Come vede la sua azienda in questo momento?

“Come un albero, i rami sono stati tagliati. Al negozio non possiamo vendere, non sono più le cerimonie e le feste, non consegniamo ai ristoranti, siamo fermi anche con l’estero ma le radici sono solide. Faccio questo mestiere da 32 anni e voglio continuare a farlo, dopo la  potatura i rami crescono più forti di prima”.

Qual è stata la sua prima reazione?

“Volevo sentirmi utile, il dolce è utile e poteva confortare chi lo riceveva e anche noi. Per Pasqua abbiamo preparato migliaia di colombe per gli ospedali sostenendo azioni di solidarietà. 3000 le abbiamo donate agli ospedali di Cava, Mercato San Severino e Costa d’Amalfi e ho raccolto subito l’invito di Chicco Cerea che ha organizzato i pasti per gli Alpini all’ospedale di Bergamo. Ha avuto grande successo la raccolta fondi per l’Ospedale Cotugno che ho finanziato vendendole on line”.
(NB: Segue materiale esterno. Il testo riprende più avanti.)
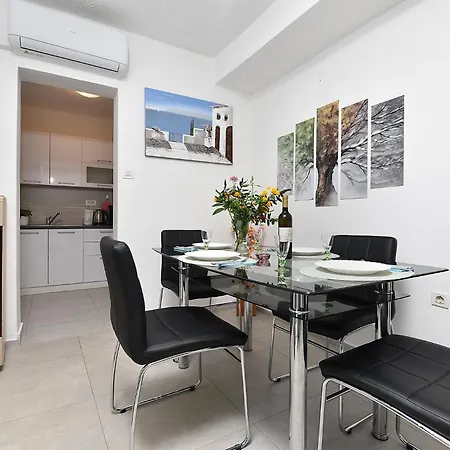 Danica 358 Apartamento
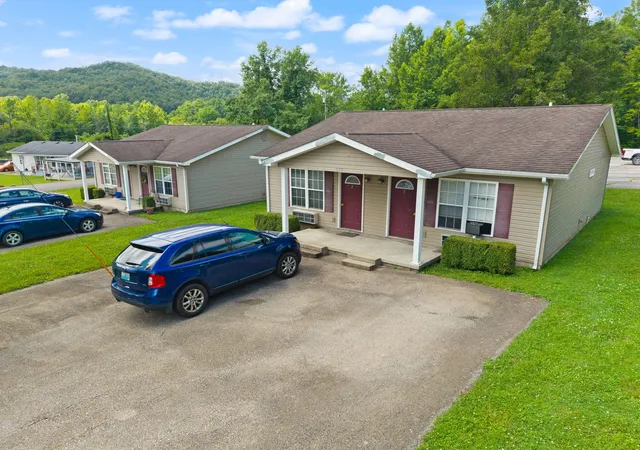 Photo 3 of House for sale at 150 Mynhier Rd, Morehead, KY 40351 | MLS# 26027518 | Listing updated on 2026-10-14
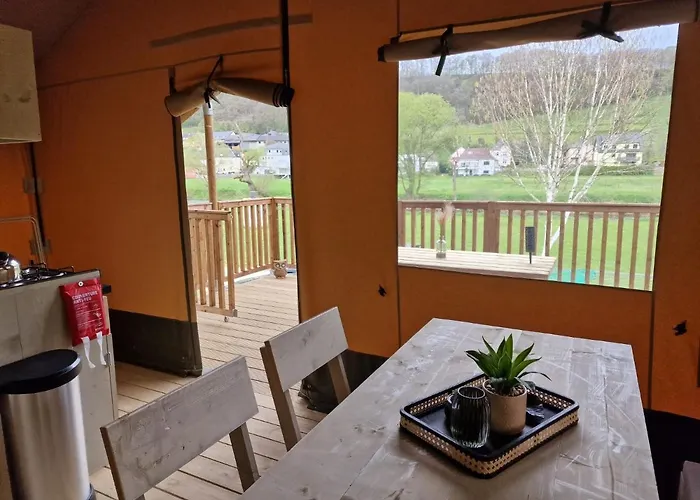 Luxusní stan Lodgetent Reisdorf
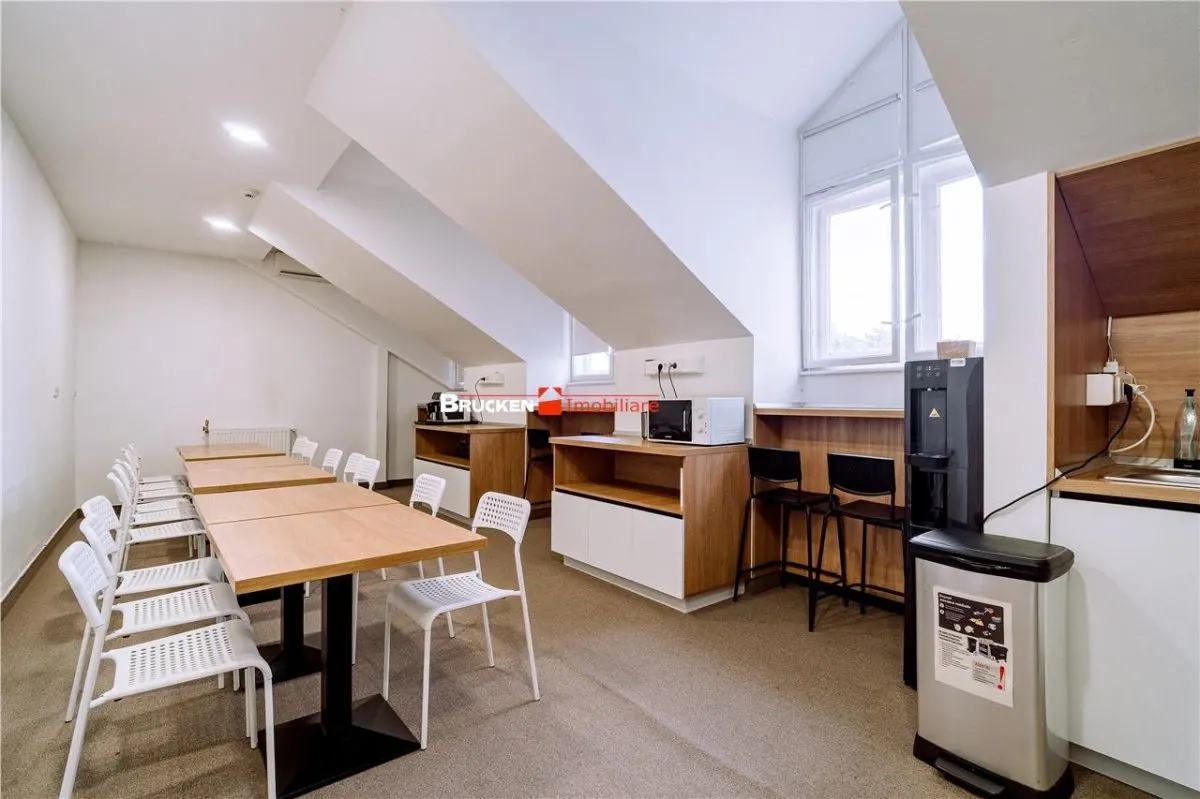 Ultracentral Oradea - Cladire de birouri P+E+M cu dotari moderne si parcare proprie - foto 6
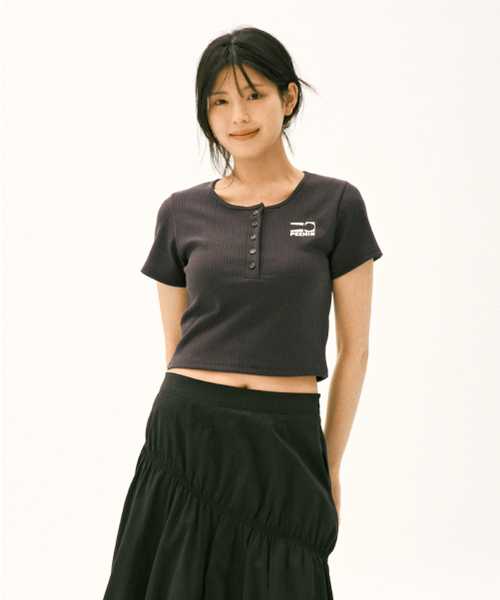 And Again(アンドアゲイン)の「スモールロゴボタンポイントラウンドトップ(チャコール)(Tシャツ/カットソー・レディース・その他・FREE)」の1枚目の写真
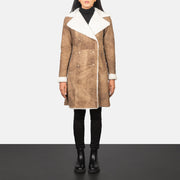 Women's Amie Distressed Brown Double Breasted Shearling Coat in Distressed Brown Sheepskin Snuffed - Vorderansicht &amp; maßgeschneiderte Silhouette | Online Kaufen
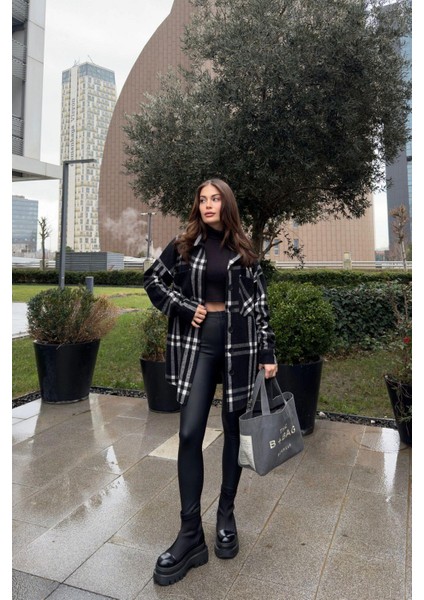 Kadın Siyah Çift Cepli, Ekose Desenli, Rahat Kalıp, Uzun Kaşe Gömlek indirimleri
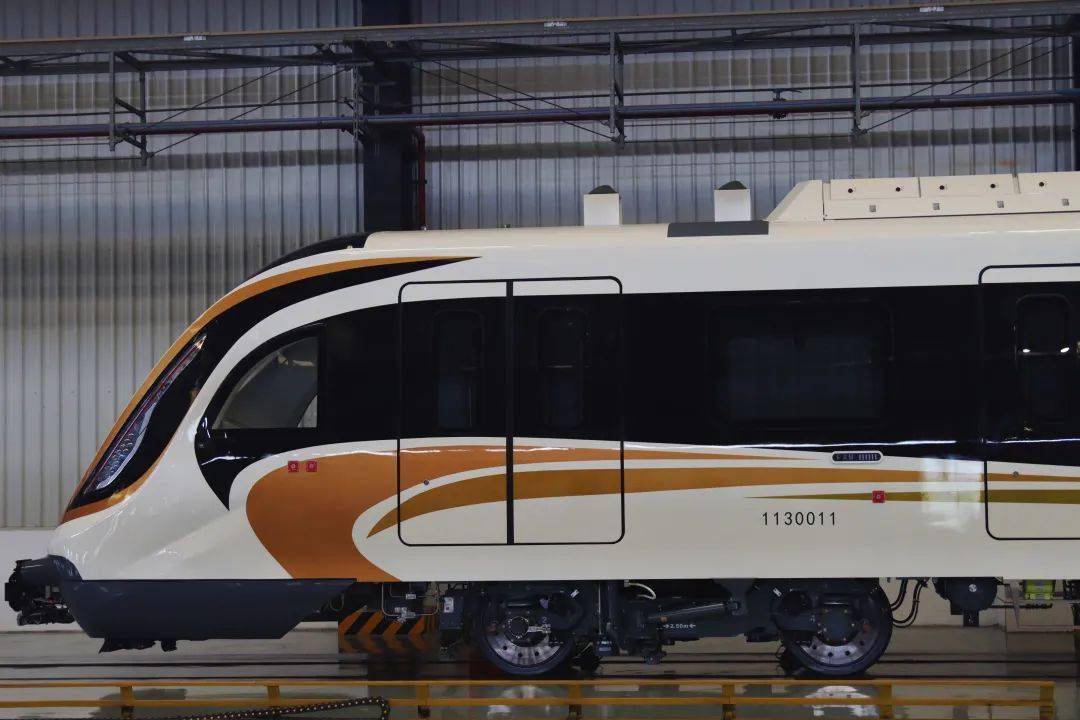 列车外观以金色为主,车身涂装设计灵感来源于三星堆黄金面具,融入地域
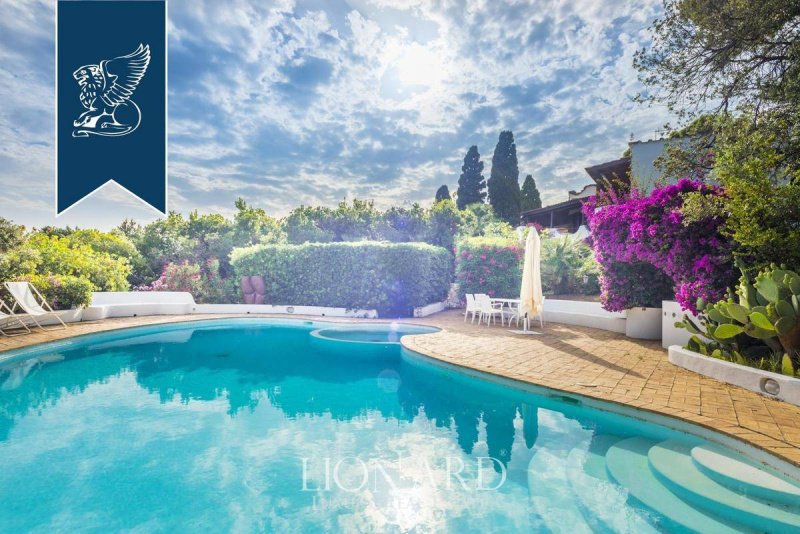 圣费利切-奇尔切奥别墅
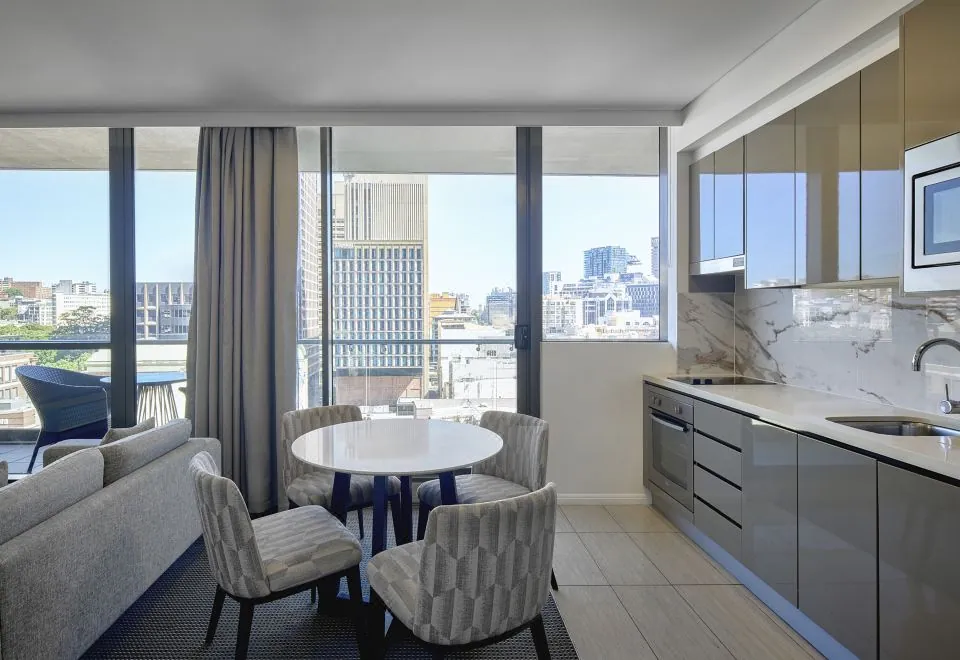 Meriton Suites Campbell Street, Sydney
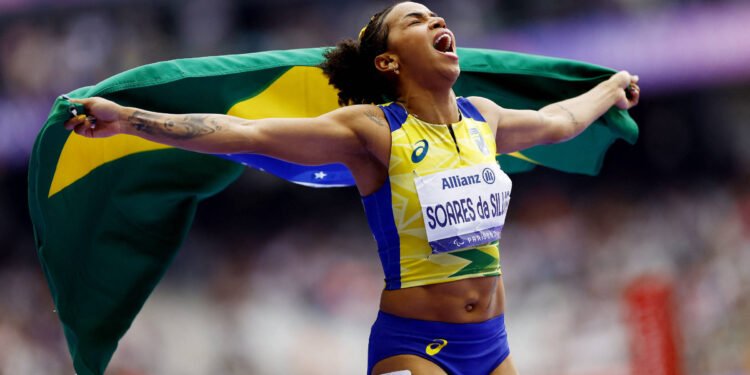 Rayane Soares comemora após quebrar o recorde mundial da prova Rayane Soares comemora após quebrar o recorde mundial da prova Rayane Soares comemora após quebrar o recorde mundial da prova - (Foto: Stephanie Lecocq/ Reuters)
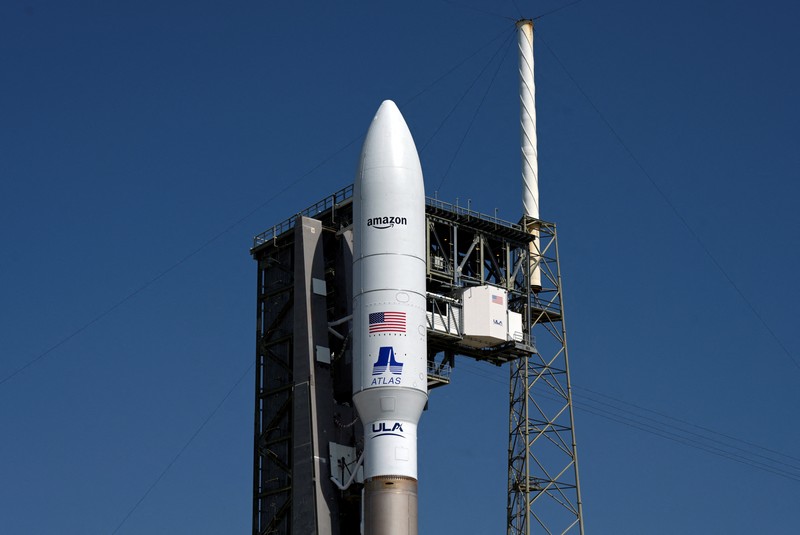 Roket Atlas V milik United Launch Alliance lepas landas membawa satelit jaringan internet Project Kuiper milik Amazon dari Cape Canaveral Space Force Station di Cape Canaveral, Florida, Amerika Serikat, Senin (28/4/2025). (REUTERS/Steve Nesius) Roket Atlas V milik United Launch Alliance lepas landas membawa satelit jaringan internet Project Kuiper milik Amazon dari Cape Canaveral Space Force Station di Cape Canaveral, Florida, Amerika Serikat, Senin (28/4/2025). (REUTERS/Steve Nesius)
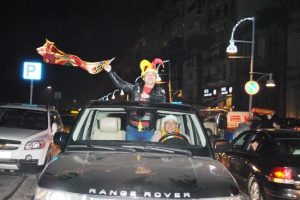 Galatasaraylılar galibiyeti Kordon'da kutladı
Cosa pensa delle politiche di intervento del Governo?

“Per ricominciare servono liquidità bancaria e un aiuto concreto sui costi fissi: la tassazione sulle utenze, l’uso del suolo pubblico, le spese di sanificazione sono tutte a carico dell’imprenditore, non tutti hanno soldi sufficienti da investire per ripartire sapendo già che gli incassi saranno ridotti. Molti non ce la faranno a ricominciare”.

Cosa sta progettando per il futuro?

“Non vorrei abbandonare i progetti che avevamo di aperture a Bruxelles, in Galleria a Milano, all’aeroporto di Fiumicino e sto studiando come usare lo yuzu, è un agrume giapponese. Voglio farlo diventare il simbolo del nuovo tempo che ci aspetta, ha caratteristiche della  nostra costiera ed è internazionale”.